L’accord permettant de financer parallèlement tous ces projets ne sera trouvé qu’en 1973. Il engage onze pays et permet la création de l’Agence Spatiale Européenne, l’ESA. La France s’engage alors à financer 60 % du nouveau lanceur spatial, ainsi que les éventuels dépassements budgétaires. En contrepartie, elle obtient la maîtrise d’œuvre et la maîtrise d’ouvrage du programme, via le CNES et Aérospatiale. Cette prise en main par doit permettre d’éviter que ne se reproduise la cacophonie technique et les échecs du programme Europa.
Dès l’année suivante, le programme sera toutefois ralenti en raison de la crise budgétaire. Paris doit alors choisir entre son programme national Diamant et le nouveau programme européen baptisé Ariane. Dès l’année suivante, la décision tombe : Diamant est annulé, et le prochain vol spatial depuis Kourou sera Ariane 1.
Ariane 1 : le succès surprise de la nouvelle ESA
D’un point de vue technique, la nouvelle fusée Ariane 1 est une véritable révolution pour l’Europe. Pour la première fois, le lanceur est conçu dès le départ pour viser l’orbite géostationnaire, et non pas dérivé d’un missile nucléaire. Le développement du troisième étage cryotechnique, fonctionnant à l’hydrogène et à l’oxygène liquide, est également un véritable défi technique.
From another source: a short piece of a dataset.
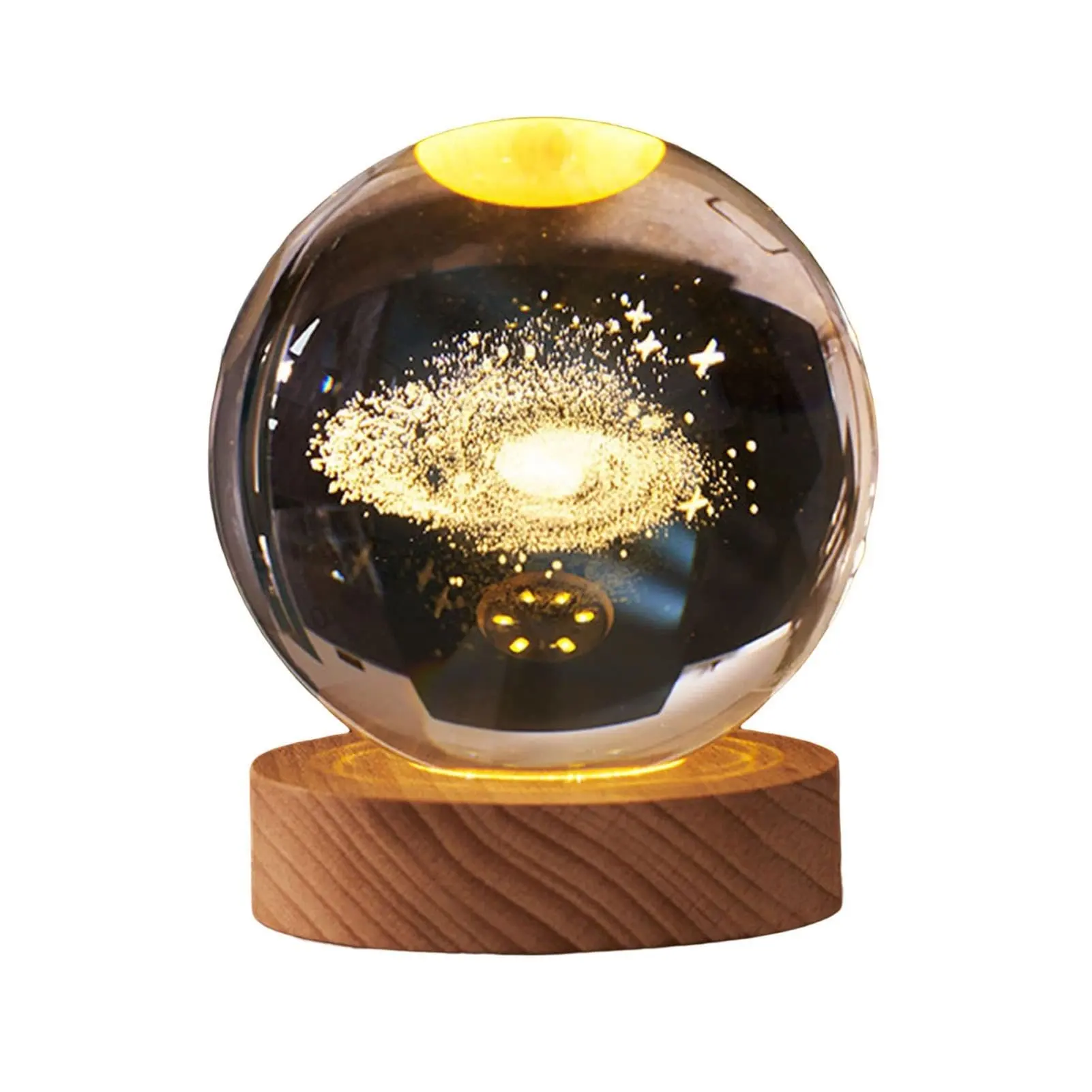 Logo Base Pwersonalize lampada notturna a sfera di cristallo da USBBT sistema solare con legno 3D LED vetro camera da letto piccolo AC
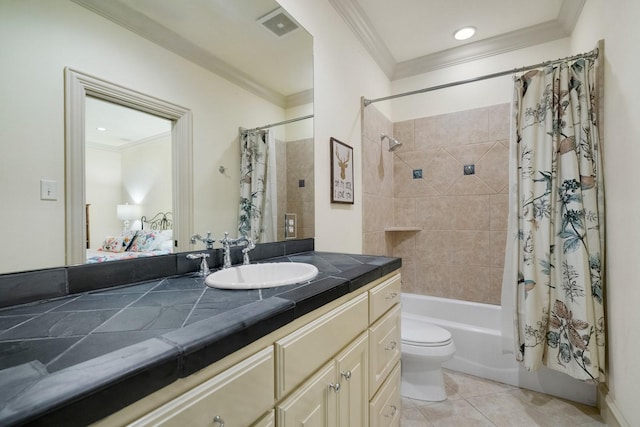 2306 Autumn Run Ct, Cedar Hill, TX 75104 - bathroom with ornamental molding, vanity, toilet, shower / bathtub combination with curtain, and tile patterned flooring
La fusée pèse 210 tonnes, et peut placer 1,8 tonnes en orbite de transfert géostationnaire. Une sacrée performance, comparée à Europa ou Diamant, mais qui ne fait pas l’unanimité, notamment du côté des Britanniques qui regardent de près la navette spatiale américaine en cours de développement. De fait, en 1977, seuls trois clients se sont manifestés pour la nouvelle fusée.
Tout changera à la fin de cette même année, quand Intelsat signe pour deux lancements sur Ariane. Un coup dur pour Washington, qui espérait un contrat majeur avec la navette spatiale.
La fin de la suprématie américaine sur les lancements commerciaux est actée la veille de Noël 1979, quand Ariane 1 effectue son premier vol d’essai en présence du président de la République Valéry Giscard d’Estaing. Elle démontre alors sa capacité à atteindre l’orbite de transfert géostationnaire avec une charge d’essai. En mars 1980, le CNES et l’ESA créent une nouvelle entité commerciale, Arianespace, destinée à promouvoir Ariane. Sur ses onze vols opérationnels, Ariane 1 ne connaîtra que deux échecs, qui concerneront malheureusement le premier vol institutionnel puis le premier vol commercial. Néanmoins, les coûts réduits du lanceur et ses bonnes performances générales permettront de consolider le succès à venir d’Arianespace et de l’ESA.